8. Je me reconnais moi aussi comme un athée du “Dieu” nié par les athées d’hier ou d’aujourd’hui, mais je pense que le mot Dieu ne désigne ou ne suggère pas seulement ce que la religion dogmatique affirme et l’athéisme dogmatique nie.

Lorsque je dis “Dieu”, je fais mienne la distinction courante en linguistique entre le « signifié » (la représentation mentale) du terme – qui peut être différent pour chacun – et le « référent » – qui transcende tous les concepts et leurs significations – . Quand je dis “Dieu”, je me réfère à la Réalité première ou ultime ; non pas à une certaine réalité à côté d’autres réalités, non pas à une Entité ou une Forme, non pas à Quelque chose ou Quelqu’un, à un objet distinct d’autres objets, mais à Celle/Celui/Cela – au-delà de toute genre et de tout nombre – qui fait que tout ce qui est réel est, que tout devient, que tout se fait ; au Fondement de tout ce qui est réel, qui est en tout, qui n’est rien de rien, mais le Rien qui est Tout en tout.

Quand je dis “Dieu”, je ne veux pas dire “une Personne Absolue” distincte des autres personnes, de sorte que “Dieu” et moi serions deux, mais l’Intériorité sans extériorité, l’Altérité sans division, le Tu qui est chaque Je pour lui-même, au Je que nous trouvons en chaque Tu – dans une personne, dans un chien, dans une feuille, dans une goutte d’eau -, à Celle/Celui/Cela qui n’est ni “personnel” ni “impersonnel”, mais plus que personnel, “suprapersonnel” ou “transpersonnel” (comme l’enseignent Tillich, Schillebeeckx, Küng…).

Quand je dis “Dieu”, j’entends la Relation universelle qui fonde et soutient tous les êtres, qui fait que toutes les choses sont unies et que chaque chose est aussi Tout. Au Mystère de la Relation que je peux invoquer comme le Tu originel, le Tu le plus profond, le Tu suprapersonnel que j’admire, que je révère et que j’invoque dans chaque Tu : dans le visage humain et dans chaque animal, dans l’arbre, la fontaine, la montagne et le firmament sans fin.

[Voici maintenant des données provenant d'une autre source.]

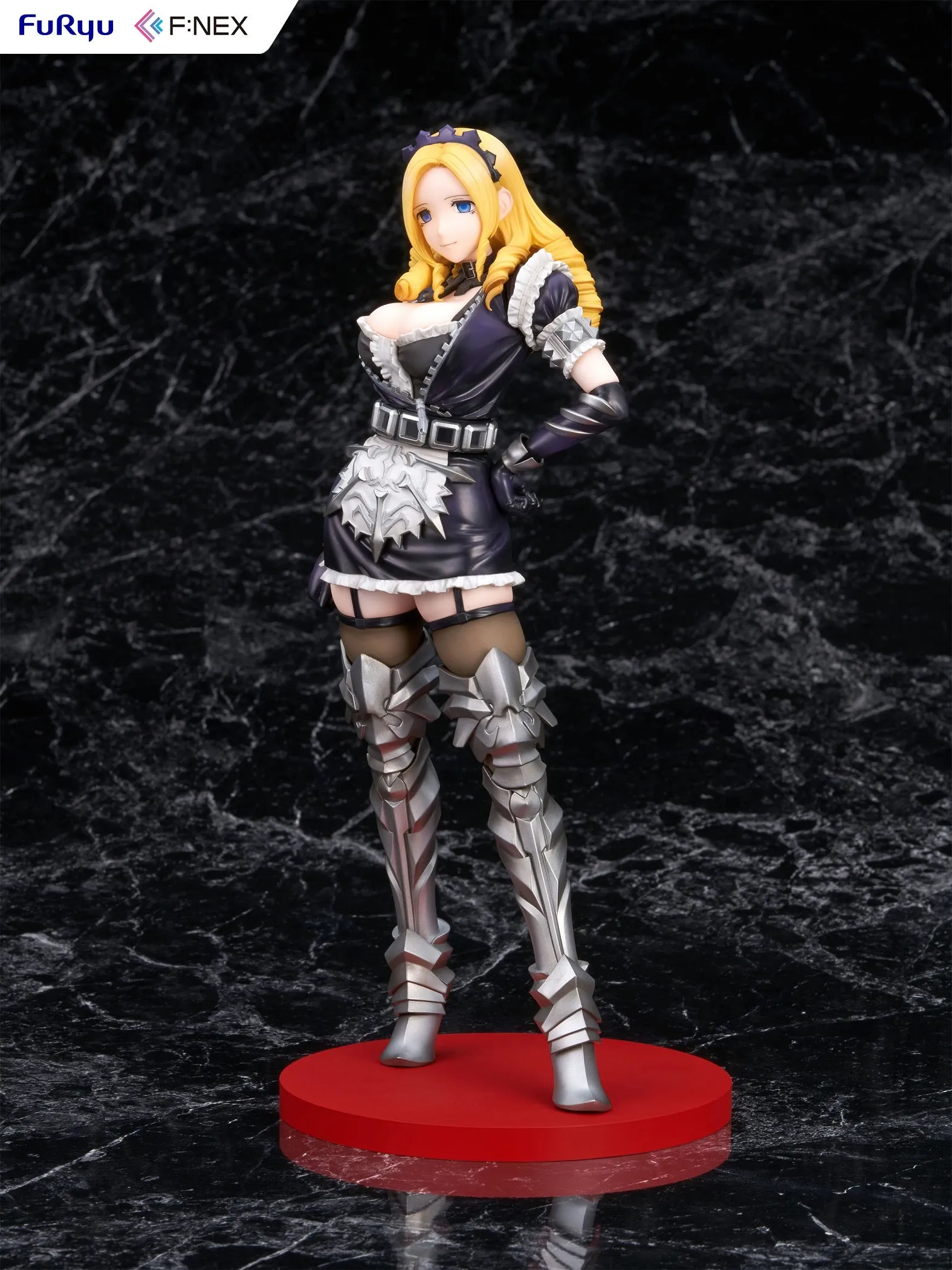 Solution Epsilon 1/7 Scale Figure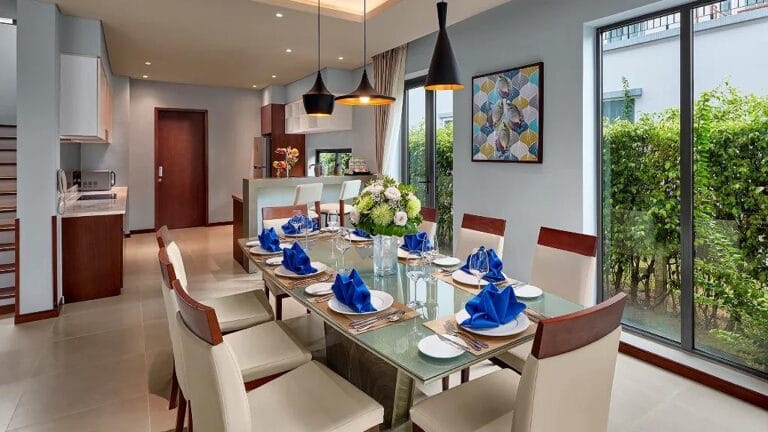 Best hotel for families in Phu Quoc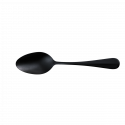 Dessert Spoon - Baguette Vintage PVD Black Stone Wash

Quand je dis “Dieu”, j’entends le Mystère ineffable, la Réalité fondatrice, la possibilité créatrice qui émane de chaque particule et atome, des galaxies en formation et de l’univers en expansion. Quand je dis “Dieu”, j’entends la créativité illimitée et pérenne, l’énergie primitive éternelle et inépuisable, le champ électromagnétique éternel et omniprésent dont l’étincelle a produit le Big Bang (peut-être d’innombrables Big-Bangs) et la lumière est née et cet univers ou d’innombrables univers ont été créés et continuent de l’être.

Quand je dis “Dieu”, j’entends l’Esprit ou le Souffle ou l’Âme de la vie qui “anime” le monde, la Bonté ou l’Amour créateur plus fort que l’ego et la mort, la Conscience cosmique éternelle dans laquelle tout est et que tous les êtres incarnent, mieux, que nous pouvons incarner, en lui donnant forme et corps, ou en le faisant devenir plus pleinement dans une évolution sans début ni fin temporels.

9. Vivre humainement, profondément, c’est permettre que notre vie en général (sentiment et connaissance, parole et praxis inséparables), et l’humanisme bio-écocentrique que nous proposons en particulier soit animé, stimulé et inspiré. L’expérience de Dieu, avec ce nom ou un autre, ou sans nom aucun, consiste dans le souffle vital profond qui inspire ou meut notre désir et notre choix vers la bonté créatrice, qui nous pousse au silence profond, à la contemplation admirative, au respect de tout ce qui est, à la compassion personnelle et politique à l’égard de tous les blessés.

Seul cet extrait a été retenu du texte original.